It's a diorama of the E in the Smithsonian.


----------



## halcyon_daze (Jan 6, 2004)

Steve244 said:


> Well he is from Texas. Everything there is a larger than life from what I understand.
> 
> A friend of mine moved to Dallas and saw this at a local show. He was especially impressed by the mirrored display. I have yet to thank him for bringing it to my attention.
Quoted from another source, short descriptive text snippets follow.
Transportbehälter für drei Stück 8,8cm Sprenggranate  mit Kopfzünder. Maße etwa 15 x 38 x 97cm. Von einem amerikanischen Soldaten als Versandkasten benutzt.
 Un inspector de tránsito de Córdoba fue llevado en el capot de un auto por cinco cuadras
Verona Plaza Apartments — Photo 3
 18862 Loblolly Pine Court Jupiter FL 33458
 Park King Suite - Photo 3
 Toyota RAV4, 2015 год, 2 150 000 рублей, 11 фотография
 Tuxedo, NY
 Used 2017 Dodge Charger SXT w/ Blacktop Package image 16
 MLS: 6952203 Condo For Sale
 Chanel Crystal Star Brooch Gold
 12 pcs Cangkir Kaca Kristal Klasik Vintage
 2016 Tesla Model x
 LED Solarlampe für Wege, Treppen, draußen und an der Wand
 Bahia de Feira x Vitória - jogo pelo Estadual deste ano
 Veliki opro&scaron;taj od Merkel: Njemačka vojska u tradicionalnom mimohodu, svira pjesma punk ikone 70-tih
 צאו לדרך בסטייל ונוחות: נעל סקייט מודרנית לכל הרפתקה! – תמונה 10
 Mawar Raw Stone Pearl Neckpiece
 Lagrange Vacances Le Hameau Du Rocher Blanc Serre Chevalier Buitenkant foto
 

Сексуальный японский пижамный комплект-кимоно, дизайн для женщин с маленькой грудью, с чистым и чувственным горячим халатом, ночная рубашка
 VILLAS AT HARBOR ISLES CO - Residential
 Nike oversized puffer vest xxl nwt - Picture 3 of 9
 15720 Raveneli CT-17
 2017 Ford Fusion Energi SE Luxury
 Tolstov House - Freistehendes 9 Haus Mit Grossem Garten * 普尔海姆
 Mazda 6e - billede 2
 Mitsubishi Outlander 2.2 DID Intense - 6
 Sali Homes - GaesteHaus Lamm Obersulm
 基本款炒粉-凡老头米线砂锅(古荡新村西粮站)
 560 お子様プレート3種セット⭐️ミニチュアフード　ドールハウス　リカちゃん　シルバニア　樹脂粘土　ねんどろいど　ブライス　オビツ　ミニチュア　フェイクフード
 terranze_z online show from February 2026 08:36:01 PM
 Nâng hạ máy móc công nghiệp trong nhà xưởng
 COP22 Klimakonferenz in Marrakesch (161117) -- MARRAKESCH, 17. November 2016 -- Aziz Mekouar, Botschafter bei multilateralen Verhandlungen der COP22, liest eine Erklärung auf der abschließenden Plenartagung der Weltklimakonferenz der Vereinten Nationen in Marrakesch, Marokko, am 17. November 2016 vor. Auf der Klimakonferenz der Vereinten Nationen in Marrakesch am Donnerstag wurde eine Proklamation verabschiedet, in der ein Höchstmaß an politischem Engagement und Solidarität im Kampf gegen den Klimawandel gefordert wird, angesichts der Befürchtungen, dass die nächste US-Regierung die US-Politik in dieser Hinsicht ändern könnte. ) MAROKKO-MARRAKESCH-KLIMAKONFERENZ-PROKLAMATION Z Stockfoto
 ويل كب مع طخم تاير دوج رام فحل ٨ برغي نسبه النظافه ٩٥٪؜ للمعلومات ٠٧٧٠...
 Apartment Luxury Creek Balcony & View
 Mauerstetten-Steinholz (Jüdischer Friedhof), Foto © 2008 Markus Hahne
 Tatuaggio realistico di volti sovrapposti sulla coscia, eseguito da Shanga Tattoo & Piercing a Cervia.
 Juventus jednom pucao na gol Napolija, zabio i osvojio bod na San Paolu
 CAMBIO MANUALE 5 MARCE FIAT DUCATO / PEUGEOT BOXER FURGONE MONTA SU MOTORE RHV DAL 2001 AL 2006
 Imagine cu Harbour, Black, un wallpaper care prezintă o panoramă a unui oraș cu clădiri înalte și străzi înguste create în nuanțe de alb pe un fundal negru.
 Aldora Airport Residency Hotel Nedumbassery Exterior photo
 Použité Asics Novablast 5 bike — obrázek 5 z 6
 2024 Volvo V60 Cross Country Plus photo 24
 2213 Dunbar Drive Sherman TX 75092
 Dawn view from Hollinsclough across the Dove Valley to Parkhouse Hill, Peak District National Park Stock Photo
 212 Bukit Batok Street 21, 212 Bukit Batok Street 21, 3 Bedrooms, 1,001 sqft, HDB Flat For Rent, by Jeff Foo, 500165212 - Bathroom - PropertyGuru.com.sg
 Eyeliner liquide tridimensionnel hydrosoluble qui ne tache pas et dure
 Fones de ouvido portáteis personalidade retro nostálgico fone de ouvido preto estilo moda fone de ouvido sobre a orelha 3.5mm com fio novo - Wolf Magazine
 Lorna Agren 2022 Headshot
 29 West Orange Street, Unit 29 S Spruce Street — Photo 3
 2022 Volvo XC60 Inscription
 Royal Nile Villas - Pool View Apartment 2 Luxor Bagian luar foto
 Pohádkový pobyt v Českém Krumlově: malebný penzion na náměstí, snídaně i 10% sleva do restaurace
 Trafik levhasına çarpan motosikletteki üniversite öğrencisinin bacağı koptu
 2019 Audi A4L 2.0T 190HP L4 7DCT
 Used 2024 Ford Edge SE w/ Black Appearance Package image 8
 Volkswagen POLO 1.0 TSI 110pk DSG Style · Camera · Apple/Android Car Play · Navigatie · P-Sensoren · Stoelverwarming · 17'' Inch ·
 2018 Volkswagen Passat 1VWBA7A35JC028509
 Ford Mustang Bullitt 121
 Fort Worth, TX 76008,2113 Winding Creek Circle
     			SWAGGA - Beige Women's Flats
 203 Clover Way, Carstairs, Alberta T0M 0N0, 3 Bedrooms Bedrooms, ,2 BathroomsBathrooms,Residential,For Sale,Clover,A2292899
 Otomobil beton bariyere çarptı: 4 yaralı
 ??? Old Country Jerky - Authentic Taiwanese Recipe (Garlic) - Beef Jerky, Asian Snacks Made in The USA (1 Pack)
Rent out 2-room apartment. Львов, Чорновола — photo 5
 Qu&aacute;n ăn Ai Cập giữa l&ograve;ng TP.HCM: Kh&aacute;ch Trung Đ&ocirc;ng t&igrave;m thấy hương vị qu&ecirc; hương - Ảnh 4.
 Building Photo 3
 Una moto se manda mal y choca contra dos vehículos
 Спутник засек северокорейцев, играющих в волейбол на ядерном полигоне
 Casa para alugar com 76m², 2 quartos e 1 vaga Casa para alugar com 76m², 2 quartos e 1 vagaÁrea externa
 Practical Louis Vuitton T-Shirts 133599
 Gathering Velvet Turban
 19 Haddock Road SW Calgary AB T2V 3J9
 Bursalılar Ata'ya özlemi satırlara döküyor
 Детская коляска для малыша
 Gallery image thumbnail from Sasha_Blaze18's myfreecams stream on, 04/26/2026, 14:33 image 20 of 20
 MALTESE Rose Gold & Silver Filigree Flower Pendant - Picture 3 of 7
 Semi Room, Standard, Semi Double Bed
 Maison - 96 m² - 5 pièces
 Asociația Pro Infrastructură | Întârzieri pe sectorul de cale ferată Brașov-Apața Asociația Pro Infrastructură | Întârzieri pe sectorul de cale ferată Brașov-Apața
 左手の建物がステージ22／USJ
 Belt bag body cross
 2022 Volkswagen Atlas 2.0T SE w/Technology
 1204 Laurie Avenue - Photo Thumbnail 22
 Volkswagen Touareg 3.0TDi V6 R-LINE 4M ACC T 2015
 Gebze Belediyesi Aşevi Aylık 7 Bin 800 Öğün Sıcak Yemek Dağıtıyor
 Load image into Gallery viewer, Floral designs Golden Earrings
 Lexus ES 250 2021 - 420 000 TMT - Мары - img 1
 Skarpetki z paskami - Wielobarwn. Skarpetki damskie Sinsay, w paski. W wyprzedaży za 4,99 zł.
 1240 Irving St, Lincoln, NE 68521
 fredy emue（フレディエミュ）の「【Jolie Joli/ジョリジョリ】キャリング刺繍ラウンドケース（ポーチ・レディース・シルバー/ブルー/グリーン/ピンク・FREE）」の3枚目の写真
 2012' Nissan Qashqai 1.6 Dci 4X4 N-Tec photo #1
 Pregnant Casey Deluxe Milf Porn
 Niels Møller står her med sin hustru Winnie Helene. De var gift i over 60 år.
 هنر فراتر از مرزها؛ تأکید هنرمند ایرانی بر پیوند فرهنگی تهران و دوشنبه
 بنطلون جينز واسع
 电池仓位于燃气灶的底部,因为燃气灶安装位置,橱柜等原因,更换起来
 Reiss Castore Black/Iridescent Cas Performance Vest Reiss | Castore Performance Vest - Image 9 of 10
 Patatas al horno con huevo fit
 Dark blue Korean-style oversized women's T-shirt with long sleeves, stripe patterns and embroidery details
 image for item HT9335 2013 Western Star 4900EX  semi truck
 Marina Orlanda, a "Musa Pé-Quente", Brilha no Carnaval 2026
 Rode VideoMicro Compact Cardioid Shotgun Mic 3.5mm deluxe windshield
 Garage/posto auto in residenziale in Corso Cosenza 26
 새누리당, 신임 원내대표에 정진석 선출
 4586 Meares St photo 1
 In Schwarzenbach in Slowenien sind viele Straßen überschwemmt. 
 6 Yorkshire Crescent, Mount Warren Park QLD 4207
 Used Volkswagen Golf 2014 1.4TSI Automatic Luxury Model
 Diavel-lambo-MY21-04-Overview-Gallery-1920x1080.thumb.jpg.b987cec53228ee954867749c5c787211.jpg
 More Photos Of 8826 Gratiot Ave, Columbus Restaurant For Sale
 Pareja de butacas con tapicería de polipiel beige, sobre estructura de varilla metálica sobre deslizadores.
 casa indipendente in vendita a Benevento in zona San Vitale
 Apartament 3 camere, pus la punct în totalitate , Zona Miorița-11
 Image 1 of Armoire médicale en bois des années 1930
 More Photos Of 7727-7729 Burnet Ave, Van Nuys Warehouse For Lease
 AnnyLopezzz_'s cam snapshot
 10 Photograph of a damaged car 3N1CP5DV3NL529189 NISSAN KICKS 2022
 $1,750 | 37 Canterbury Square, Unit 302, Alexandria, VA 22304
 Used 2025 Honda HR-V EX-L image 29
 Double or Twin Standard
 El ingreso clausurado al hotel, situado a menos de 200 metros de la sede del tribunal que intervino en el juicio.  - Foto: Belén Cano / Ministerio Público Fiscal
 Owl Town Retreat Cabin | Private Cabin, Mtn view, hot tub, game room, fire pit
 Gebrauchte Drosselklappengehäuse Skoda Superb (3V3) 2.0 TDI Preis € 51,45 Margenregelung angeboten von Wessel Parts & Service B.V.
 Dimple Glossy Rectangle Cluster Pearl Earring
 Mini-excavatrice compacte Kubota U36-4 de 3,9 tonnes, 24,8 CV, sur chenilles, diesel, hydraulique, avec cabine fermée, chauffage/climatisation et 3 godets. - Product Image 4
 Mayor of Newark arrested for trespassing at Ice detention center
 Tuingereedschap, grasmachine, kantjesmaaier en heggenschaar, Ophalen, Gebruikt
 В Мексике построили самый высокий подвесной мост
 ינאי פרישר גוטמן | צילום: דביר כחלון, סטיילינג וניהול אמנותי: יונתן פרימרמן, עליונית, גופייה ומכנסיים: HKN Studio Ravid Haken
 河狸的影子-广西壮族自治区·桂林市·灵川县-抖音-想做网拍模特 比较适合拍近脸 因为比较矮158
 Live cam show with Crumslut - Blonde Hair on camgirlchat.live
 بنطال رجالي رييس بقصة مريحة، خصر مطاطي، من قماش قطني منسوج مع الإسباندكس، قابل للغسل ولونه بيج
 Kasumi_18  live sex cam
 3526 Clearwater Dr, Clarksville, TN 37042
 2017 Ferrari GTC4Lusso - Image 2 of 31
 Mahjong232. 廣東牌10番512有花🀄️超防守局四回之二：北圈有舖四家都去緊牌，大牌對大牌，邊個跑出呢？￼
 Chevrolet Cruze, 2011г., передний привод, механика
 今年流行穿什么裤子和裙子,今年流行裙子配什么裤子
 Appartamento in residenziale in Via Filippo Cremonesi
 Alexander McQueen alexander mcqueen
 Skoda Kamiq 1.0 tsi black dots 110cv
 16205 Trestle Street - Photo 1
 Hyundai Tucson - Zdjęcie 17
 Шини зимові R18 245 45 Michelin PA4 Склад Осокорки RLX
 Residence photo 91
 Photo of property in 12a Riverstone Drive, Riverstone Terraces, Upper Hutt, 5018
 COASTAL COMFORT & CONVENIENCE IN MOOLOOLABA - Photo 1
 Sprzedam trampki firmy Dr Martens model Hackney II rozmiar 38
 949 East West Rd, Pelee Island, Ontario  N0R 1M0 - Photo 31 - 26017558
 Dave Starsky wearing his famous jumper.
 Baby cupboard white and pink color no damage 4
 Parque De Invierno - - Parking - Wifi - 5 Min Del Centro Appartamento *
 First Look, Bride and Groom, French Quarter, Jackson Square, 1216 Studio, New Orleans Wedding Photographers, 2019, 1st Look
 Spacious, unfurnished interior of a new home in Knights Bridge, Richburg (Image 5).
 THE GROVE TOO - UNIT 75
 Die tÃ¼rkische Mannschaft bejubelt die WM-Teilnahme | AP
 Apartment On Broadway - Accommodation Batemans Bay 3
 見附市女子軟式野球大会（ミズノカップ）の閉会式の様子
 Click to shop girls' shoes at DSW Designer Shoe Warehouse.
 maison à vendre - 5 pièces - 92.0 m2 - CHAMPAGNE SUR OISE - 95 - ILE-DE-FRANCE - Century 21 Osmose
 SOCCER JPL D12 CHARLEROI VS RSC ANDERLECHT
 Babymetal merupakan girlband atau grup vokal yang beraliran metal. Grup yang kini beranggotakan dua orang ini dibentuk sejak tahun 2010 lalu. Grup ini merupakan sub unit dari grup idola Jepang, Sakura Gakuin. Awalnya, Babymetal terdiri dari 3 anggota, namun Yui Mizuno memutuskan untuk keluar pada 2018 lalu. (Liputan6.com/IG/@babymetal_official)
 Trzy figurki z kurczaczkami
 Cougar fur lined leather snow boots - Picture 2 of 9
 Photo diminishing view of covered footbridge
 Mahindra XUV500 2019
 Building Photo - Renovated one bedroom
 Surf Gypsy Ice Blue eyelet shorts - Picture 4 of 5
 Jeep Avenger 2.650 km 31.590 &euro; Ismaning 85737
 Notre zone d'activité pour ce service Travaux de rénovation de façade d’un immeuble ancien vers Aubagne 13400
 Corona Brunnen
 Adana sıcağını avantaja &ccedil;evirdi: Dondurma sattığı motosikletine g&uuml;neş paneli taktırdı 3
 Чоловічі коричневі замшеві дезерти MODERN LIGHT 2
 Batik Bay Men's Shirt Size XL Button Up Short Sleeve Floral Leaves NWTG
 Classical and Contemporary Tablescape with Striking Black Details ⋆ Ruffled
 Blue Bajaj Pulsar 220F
Yep he's from my area and made an appearance at the local IPMS chapter for a discussion on lighting models, which I didn't see. I first heard about him in their newsletter that had a link to his site (and manual). Being as clueless about the subject as he is (they're all aircraft modelers), they gave him their ringing endorsement.

I knew there was a good reason I stopped going to that chapter's meetings. :tongue:


----------



## Landru (May 25, 2009)

Getting something _right_ is a personal preference. Maybe he didn't want to get it screen accurate. It takes skill to get anything done like that, especially with lighting. 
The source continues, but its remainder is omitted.